で、講談社君はゴルフがお好きなようで関西の名門コースをまわってみたいという。どの辺りと聞くと、広野、芦屋、茨木などの名が挙がりました。実は筆者、小学校六年生の時、芦屋カンツリークラブでプレーしたことがあったのです。父の勤める銀行が会員権を所有しており、それを借りて行員はプレーできたのです。一九五二年開場という老舗で距離は短いもののアップダウンが激しく、関西のゴルフ場らしい。筆者がまわった時、前の組に日本の女子プロゴルファー一期生の佐々木マサ子プロがラウンドされており、感激したのをよく覚えています。
ゴルフ場の楽しみの一つはクラブハウスで食する昼食。芦屋カンツリーに入っていたのは一九二八年、大阪の北浜で創業した西洋料理店「アラスカ」でした。「アラスカ」と言えば、のちに大学生になってフランス料理に目覚めた筆者にとって憧れの名店の一つとして記憶に残るのですが、小学生の自分には名前だけは聞いたことのあるくらいの店でした。

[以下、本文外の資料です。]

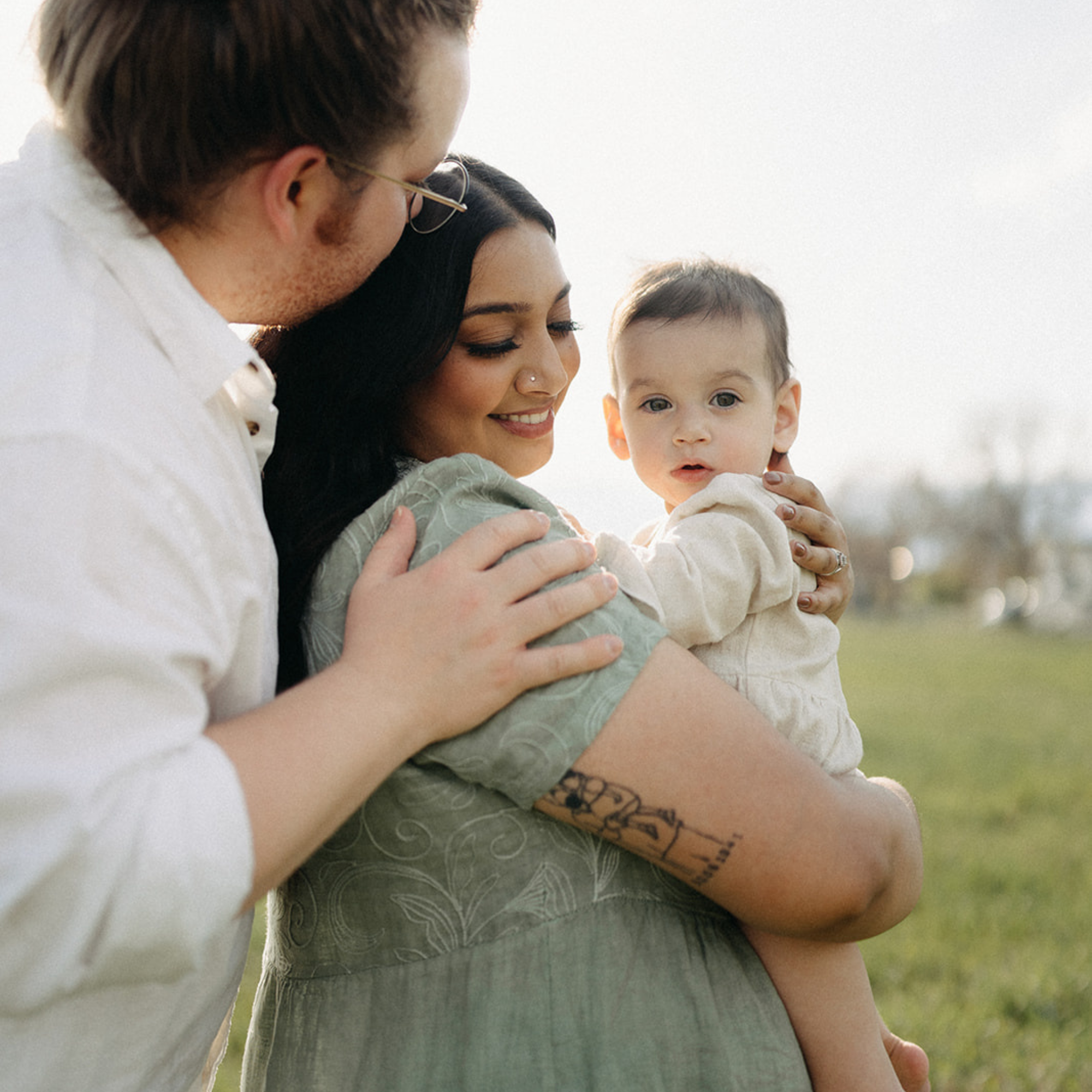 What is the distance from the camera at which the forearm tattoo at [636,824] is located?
1507mm

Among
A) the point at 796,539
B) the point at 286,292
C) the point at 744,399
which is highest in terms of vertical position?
the point at 286,292

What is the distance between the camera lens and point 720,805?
152 cm

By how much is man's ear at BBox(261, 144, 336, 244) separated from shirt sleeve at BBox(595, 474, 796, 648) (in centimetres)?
74

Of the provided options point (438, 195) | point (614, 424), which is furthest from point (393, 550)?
point (614, 424)

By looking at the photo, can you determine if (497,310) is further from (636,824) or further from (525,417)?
(636,824)

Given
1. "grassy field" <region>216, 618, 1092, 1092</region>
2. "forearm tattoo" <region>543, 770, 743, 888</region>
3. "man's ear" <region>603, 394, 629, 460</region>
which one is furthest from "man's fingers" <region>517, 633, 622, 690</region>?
"grassy field" <region>216, 618, 1092, 1092</region>

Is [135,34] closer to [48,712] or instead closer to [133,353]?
[133,353]

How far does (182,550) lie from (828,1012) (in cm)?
129

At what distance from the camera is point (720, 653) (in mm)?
Answer: 2035

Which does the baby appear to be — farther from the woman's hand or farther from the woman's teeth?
the woman's teeth

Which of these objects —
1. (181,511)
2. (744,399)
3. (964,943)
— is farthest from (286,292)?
(964,943)

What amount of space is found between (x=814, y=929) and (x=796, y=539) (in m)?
0.80

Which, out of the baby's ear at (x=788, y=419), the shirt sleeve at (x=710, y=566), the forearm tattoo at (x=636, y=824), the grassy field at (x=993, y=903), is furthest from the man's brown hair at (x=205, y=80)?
the grassy field at (x=993, y=903)

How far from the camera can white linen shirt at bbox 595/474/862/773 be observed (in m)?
1.93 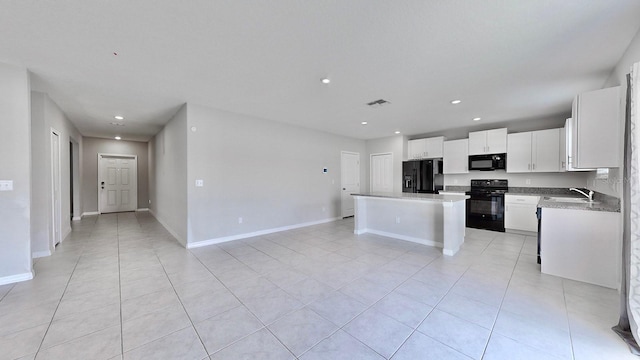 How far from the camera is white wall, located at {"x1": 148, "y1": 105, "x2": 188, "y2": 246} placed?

普通ゴルフ場でのランチと言えば、すぐ食べられて価格も安いカレーライスが定番なのですが、半世紀以上前のおぼろげな記憶ではカレーを食べたのではなく、ハヤシライスを食したのではないか、と。この度、HPを検索してみると今もクラブハウスのレストランは「アラスカ」で、メニュにはカレーもありましたが、ハヤシライスも載っていました。その時食べたハヤシライスと思われるものの記憶は美味しいというよりえも言われぬ不思議な食べ物といったもので今も鮮明に覚えています。
さて、大学に入りフランス料理を食べ歩き始めた一九八〇年代初め、東京の「アラスカ」と言えば、有楽町駅前の朝日新聞社ビルの最上階にあるレストランでした。今は築地の朝日新聞社の二階に移転して営業しています。現在、本店は中之島フェスティバルタワーにあり、東京では築地の他に内幸町の日本プレスセンタービルに一九七六年開業の支店があります。ゴルフ場での営業も関西、関東で十店舗ほど。
当時のフランス料理と言えば、まずはホテル、それから會舘系、さらに何々軒といった老舗の洋食店が中心で、「アラスカ」も老舗の高級洋食店の代表格といった位置づけでした。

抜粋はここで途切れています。